Two Brits facing execution after they were captured fighting for Ukraine against Russia are to appeal their death sentence.
Aiden Aslin, 28, and Shaun Pinner, 48, will try to overturn their convictions at a Donetsk court, lawyers said.
‘If the appeal is dismissed, a request for clemency will be filed as this is an inherent right of the defendants,’ Mr Pinner’s lawyer Yulia Tserkovnikova said.
The pair – and Moroccan Brahim Saadoun – were convicted of ‘mercenary activities and committing actions aimed at seizing power and overthrowing the constitutional order’ in the breakaway Donetsk People’s Republic (DPR), earlier this month.
They deny the charges.
Mr Aslin, originally from Nottingham, has told his family in a phone call that his captors say ‘time is running out’.
His loved ones have been working with both the Foreign Office and Ukrainian government to desperately try to get him home.
Pamela Hall, Mr Aslin’s grandmother, told the BBC: ‘There are no words, just no words, it’s got to be everyone’s worst nightmare to have a member of your family threatened in this way’.
‘Aiden was extremely upset when he called his mother this morning.
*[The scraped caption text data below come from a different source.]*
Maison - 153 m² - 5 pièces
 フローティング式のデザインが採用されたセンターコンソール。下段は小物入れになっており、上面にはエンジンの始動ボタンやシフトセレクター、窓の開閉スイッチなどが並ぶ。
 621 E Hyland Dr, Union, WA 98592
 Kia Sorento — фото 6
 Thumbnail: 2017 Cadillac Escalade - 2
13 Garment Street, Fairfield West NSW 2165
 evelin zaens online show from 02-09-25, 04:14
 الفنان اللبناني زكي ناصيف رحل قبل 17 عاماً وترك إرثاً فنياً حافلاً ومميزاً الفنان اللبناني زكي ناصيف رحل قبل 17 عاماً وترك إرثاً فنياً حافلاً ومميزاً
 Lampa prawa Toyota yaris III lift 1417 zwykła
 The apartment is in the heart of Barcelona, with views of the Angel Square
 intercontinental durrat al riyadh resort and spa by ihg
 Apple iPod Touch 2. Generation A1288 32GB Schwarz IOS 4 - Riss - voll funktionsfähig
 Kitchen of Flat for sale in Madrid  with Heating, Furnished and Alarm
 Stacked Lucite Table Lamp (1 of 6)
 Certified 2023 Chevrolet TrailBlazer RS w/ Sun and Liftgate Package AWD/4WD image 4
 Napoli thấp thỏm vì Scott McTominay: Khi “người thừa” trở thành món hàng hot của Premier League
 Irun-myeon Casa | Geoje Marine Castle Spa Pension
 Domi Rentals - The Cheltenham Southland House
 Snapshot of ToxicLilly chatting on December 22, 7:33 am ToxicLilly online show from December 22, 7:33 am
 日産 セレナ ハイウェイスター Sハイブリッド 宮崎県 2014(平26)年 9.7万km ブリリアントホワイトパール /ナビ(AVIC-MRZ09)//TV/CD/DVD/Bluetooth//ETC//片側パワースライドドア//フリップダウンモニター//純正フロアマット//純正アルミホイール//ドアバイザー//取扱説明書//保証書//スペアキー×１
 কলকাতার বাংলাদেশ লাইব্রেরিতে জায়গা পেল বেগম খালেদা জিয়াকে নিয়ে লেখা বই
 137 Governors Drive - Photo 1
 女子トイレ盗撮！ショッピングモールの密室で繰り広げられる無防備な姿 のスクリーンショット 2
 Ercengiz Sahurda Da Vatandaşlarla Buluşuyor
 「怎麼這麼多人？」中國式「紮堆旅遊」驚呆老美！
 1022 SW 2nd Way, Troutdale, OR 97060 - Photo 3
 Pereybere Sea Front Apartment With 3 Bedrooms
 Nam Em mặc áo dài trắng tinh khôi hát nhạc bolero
The bottom line is Aiden has said the DPR has told him nobody from the UK has made contact, and that he will be executed.
‘I have to believe what Aiden has said to us, that if the DPR don’t get some response then they will execute him. Obviously I hope that isn’t true.’
Mr Aslin and Mr Pinner had been sentenced with the death penalty in a sham court.
The pair were in the dock alongside a Moroccan man, Saaudun Brahim, in the supreme court of the self-declared People’s Republic of Donetsk.
The court, which was set up by Moscow-backed militants who seized the territory in 2014, is not recognised internationally.
In a statement released earlier this month, Mr Aslin’s family described him as a ‘much-loved man and very much missed’.
They said: ‘This is a very sensitive and emotional time for our family, and we would like to say thank you to all that have supported us.
‘We are currently working with the Ukrainian government and the Foreign Office to try and bring Aiden home.
‘Aiden is a much-loved man and very much missed, and we hope that he will be released very soon.’
Earlier this month, Russian media outlet RIA Novosti reported that the three sentenced men were set to face a firing squad.
The Foreign Office has condemned the exploitation of prisoners of war for political purposes.
Its ability to provide consular services in Ukraine is still severely limited due to the conflict.